[ASSIGNED TASK] Show the lines below that contain the string "Foto".

[EXERCISE INPUT]
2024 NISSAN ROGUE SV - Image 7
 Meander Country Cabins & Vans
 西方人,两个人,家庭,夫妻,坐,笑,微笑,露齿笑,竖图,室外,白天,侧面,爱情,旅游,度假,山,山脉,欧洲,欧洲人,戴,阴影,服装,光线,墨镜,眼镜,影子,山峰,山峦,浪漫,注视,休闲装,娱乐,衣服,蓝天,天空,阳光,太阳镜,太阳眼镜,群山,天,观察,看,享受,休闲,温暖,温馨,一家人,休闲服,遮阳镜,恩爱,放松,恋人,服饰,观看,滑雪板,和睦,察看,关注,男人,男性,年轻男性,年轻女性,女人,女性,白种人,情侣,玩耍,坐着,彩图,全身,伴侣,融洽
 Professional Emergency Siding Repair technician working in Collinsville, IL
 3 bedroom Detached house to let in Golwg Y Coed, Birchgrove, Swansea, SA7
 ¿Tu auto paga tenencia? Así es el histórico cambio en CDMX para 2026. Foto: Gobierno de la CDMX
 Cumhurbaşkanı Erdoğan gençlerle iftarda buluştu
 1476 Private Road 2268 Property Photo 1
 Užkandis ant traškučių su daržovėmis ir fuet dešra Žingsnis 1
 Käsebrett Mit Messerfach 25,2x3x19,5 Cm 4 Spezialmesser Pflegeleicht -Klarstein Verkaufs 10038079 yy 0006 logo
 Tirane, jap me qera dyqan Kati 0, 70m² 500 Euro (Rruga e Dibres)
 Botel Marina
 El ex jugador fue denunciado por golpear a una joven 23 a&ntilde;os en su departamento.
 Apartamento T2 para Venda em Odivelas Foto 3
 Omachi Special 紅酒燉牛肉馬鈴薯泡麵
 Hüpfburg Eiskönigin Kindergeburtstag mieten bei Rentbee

[ANSWER SECTION]
 ¿Tu auto paga tenencia? Así es el histórico cambio en CDMX para 2026. Foto: Gobierno de la CDMX
 Apartamento T2 para Venda em Odivelas Foto 3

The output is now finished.